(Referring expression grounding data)
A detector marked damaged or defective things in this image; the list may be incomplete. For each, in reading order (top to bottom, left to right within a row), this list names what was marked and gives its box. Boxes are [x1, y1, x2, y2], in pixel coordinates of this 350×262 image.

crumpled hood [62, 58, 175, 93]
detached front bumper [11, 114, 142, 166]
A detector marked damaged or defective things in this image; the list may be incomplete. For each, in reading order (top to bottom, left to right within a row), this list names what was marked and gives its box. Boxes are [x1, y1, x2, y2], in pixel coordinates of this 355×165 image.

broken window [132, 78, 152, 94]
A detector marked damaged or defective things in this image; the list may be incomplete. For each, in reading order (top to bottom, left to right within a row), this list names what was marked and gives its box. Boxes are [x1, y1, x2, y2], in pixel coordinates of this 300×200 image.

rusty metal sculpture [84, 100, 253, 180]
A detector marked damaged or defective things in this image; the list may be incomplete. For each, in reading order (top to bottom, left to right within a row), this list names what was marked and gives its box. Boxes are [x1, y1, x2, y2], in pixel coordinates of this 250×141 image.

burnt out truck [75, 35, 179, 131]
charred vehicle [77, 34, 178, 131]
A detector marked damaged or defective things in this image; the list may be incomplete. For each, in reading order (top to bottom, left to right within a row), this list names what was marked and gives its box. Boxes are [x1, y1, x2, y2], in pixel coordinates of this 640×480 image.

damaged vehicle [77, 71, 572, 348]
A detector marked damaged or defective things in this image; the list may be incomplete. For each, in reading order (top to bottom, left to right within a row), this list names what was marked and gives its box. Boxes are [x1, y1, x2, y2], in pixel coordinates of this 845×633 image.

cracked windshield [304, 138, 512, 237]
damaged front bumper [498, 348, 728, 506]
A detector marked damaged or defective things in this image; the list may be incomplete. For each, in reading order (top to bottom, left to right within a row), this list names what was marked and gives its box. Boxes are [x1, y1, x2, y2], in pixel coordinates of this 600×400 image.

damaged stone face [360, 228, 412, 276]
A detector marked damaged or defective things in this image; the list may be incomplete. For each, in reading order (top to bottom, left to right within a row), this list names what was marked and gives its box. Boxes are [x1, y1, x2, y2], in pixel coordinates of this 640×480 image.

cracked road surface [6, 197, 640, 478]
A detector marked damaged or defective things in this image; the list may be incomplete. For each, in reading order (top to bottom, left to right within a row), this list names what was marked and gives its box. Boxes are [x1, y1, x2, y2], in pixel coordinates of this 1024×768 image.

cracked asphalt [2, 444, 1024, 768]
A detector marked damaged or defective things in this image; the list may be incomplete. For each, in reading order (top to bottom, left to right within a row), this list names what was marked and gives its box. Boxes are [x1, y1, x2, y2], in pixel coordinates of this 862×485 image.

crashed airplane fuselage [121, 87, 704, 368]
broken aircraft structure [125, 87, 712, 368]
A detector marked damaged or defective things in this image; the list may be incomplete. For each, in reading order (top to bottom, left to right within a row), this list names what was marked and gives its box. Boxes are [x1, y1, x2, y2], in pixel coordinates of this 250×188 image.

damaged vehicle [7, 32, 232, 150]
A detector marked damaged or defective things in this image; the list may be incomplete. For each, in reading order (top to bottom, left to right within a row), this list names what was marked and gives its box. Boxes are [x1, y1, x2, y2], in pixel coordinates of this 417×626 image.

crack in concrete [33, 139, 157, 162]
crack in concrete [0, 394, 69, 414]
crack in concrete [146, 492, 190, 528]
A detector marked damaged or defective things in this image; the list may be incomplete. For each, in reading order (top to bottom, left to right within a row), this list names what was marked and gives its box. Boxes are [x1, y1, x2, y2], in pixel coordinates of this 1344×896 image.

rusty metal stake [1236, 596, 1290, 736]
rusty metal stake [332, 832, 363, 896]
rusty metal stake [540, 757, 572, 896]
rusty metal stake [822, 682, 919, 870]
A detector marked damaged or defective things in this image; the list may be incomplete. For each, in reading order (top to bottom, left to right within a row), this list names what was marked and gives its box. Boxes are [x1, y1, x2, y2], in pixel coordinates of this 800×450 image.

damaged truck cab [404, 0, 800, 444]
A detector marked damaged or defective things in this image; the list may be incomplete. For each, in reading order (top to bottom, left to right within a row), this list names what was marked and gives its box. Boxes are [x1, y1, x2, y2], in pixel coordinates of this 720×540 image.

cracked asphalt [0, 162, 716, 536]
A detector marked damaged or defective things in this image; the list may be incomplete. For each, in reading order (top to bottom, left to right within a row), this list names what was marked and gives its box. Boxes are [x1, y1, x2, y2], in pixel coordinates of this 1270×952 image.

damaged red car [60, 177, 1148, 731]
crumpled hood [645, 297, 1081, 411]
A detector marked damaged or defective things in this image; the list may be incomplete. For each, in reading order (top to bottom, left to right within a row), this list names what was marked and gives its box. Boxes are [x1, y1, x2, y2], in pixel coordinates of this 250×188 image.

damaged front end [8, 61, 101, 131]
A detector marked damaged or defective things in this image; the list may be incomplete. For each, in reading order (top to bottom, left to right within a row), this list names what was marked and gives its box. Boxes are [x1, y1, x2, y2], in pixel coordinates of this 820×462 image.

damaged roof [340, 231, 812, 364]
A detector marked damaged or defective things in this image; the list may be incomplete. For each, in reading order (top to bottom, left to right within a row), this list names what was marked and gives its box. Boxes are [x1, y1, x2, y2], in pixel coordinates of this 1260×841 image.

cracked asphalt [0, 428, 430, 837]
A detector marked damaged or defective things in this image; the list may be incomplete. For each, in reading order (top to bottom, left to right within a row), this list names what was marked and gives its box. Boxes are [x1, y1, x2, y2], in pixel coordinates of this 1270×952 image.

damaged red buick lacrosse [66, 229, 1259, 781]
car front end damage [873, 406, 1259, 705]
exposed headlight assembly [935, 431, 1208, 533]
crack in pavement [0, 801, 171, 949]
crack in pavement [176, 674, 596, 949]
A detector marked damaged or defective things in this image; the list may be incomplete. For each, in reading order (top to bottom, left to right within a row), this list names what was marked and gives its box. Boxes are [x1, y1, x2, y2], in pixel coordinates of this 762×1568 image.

## TASK PROMPT
Reproduce the entries in full, exactly as written.

## ANSWER BELOW
A detector marked damaged or defective things in this image; the list may be incomplete. For each, in reading order (top to bottom, left to right within a row), this list names what was marked and gives its box. Boxes are [x1, y1, x2, y2], in pixel coordinates of this 350×262 image.

crumpled hood [62, 58, 175, 93]
detached front bumper [11, 114, 142, 166]
A detector marked damaged or defective things in this image; the list may be incomplete. For each, in reading order (top to bottom, left to right within a row), this list names what was marked and gives its box. Boxes are [x1, y1, x2, y2], in pixel coordinates of this 355×165 image.

broken window [132, 78, 152, 94]
A detector marked damaged or defective things in this image; the list may be incomplete. For each, in reading order (top to bottom, left to right within a row), this list names what was marked and gives its box. Boxes are [x1, y1, x2, y2], in pixel coordinates of this 300×200 image.

rusty metal sculpture [84, 100, 253, 180]
A detector marked damaged or defective things in this image; the list may be incomplete. For each, in reading order (top to bottom, left to right within a row), this list names what was marked and gives its box. Boxes are [x1, y1, x2, y2], in pixel coordinates of this 250×141 image.

burnt out truck [75, 35, 179, 131]
charred vehicle [77, 34, 178, 131]
A detector marked damaged or defective things in this image; the list may be incomplete. For each, in reading order (top to bottom, left to right within a row), this list names what was marked and gives its box. Boxes are [x1, y1, x2, y2], in pixel coordinates of this 640×480 image.

damaged vehicle [77, 71, 572, 348]
A detector marked damaged or defective things in this image; the list may be incomplete. For each, in reading order (top to bottom, left to right within a row), this list names what was marked and gives its box. Boxes are [x1, y1, x2, y2], in pixel coordinates of this 845×633 image.

cracked windshield [304, 138, 512, 237]
damaged front bumper [498, 348, 728, 506]
A detector marked damaged or defective things in this image; the list may be incomplete. For each, in reading order (top to bottom, left to right within a row), this list names what was marked and gives its box. Boxes are [x1, y1, x2, y2], in pixel coordinates of this 600×400 image.

damaged stone face [360, 228, 412, 276]
A detector marked damaged or defective things in this image; the list may be incomplete. For each, in reading order (top to bottom, left to right within a row), this list names what was marked and gives its box. Boxes are [x1, y1, x2, y2], in pixel coordinates of this 640×480 image.

cracked road surface [6, 197, 640, 478]
A detector marked damaged or defective things in this image; the list may be incomplete. For each, in reading order (top to bottom, left to right within a row), this list names what was marked and gives its box. Boxes are [x1, y1, x2, y2], in pixel coordinates of this 1024×768 image.

cracked asphalt [2, 444, 1024, 768]
A detector marked damaged or defective things in this image; the list may be incomplete. For each, in reading order (top to bottom, left to right within a row), this list names what was marked and gives its box. Boxes are [x1, y1, x2, y2], in pixel coordinates of this 862×485 image.

crashed airplane fuselage [121, 87, 704, 368]
broken aircraft structure [125, 87, 712, 368]
A detector marked damaged or defective things in this image; the list may be incomplete. For each, in reading order (top to bottom, left to right within a row), this list names what was marked and gives its box. Boxes are [x1, y1, x2, y2], in pixel coordinates of this 250×188 image.

damaged vehicle [7, 32, 232, 150]
A detector marked damaged or defective things in this image; the list may be incomplete. For each, in reading order (top to bottom, left to right within a row), this list names what was marked and gives its box. Boxes are [x1, y1, x2, y2], in pixel coordinates of this 417×626 image.

crack in concrete [33, 139, 157, 162]
crack in concrete [0, 394, 69, 414]
crack in concrete [146, 492, 190, 528]
A detector marked damaged or defective things in this image; the list may be incomplete. For each, in reading order (top to bottom, left to right within a row), this list names what was marked and gives its box. Boxes are [x1, y1, x2, y2], in pixel coordinates of this 1344×896 image.

rusty metal stake [1236, 596, 1290, 736]
rusty metal stake [332, 832, 363, 896]
rusty metal stake [540, 757, 572, 896]
rusty metal stake [822, 682, 919, 870]
A detector marked damaged or defective things in this image; the list may be incomplete. For each, in reading order (top to bottom, left to right within a row), this list names what was marked and gives its box. Boxes are [x1, y1, x2, y2], in pixel coordinates of this 800×450 image.

damaged truck cab [404, 0, 800, 444]
A detector marked damaged or defective things in this image; the list may be incomplete. For each, in reading order (top to bottom, left to right within a row), this list names what was marked and gives its box. Boxes are [x1, y1, x2, y2], in pixel coordinates of this 720×540 image.

cracked asphalt [0, 162, 716, 536]
A detector marked damaged or defective things in this image; the list may be incomplete. For each, in reading order (top to bottom, left to right within a row), this list names what was marked and gives its box. Boxes are [x1, y1, x2, y2], in pixel coordinates of this 1270×952 image.

damaged red car [60, 177, 1148, 731]
crumpled hood [645, 297, 1081, 411]
A detector marked damaged or defective things in this image; the list may be incomplete. For each, in reading order (top to bottom, left to right within a row), this list names what was marked and gives its box. Boxes are [x1, y1, x2, y2], in pixel coordinates of this 250×188 image.

damaged front end [8, 61, 101, 131]
A detector marked damaged or defective things in this image; the list may be incomplete. For each, in reading order (top to bottom, left to right within a row), this list names what was marked and gives its box. Boxes are [x1, y1, x2, y2], in pixel coordinates of this 820×462 image.

damaged roof [340, 231, 812, 364]
A detector marked damaged or defective things in this image; the list may be incomplete. For each, in reading order (top to bottom, left to right within a row), this list names what was marked and gives its box. Boxes are [x1, y1, x2, y2], in pixel coordinates of this 1260×841 image.

cracked asphalt [0, 428, 430, 837]
A detector marked damaged or defective things in this image; the list may be incomplete. For each, in reading order (top to bottom, left to right within a row), this list names what was marked and gives its box. Boxes are [x1, y1, x2, y2], in pixel coordinates of this 1270×952 image.

damaged red buick lacrosse [66, 229, 1259, 781]
car front end damage [873, 406, 1259, 705]
exposed headlight assembly [935, 431, 1208, 533]
crack in pavement [0, 801, 171, 949]
crack in pavement [176, 674, 596, 949]
A detector marked damaged or defective things in this image; the list may be incomplete. For each, in reading order (top to bottom, left to right within a row), this list names what was marked and gives its box. Boxes are [x1, y1, x2, y2], in pixel coordinates of this 762×1568 image.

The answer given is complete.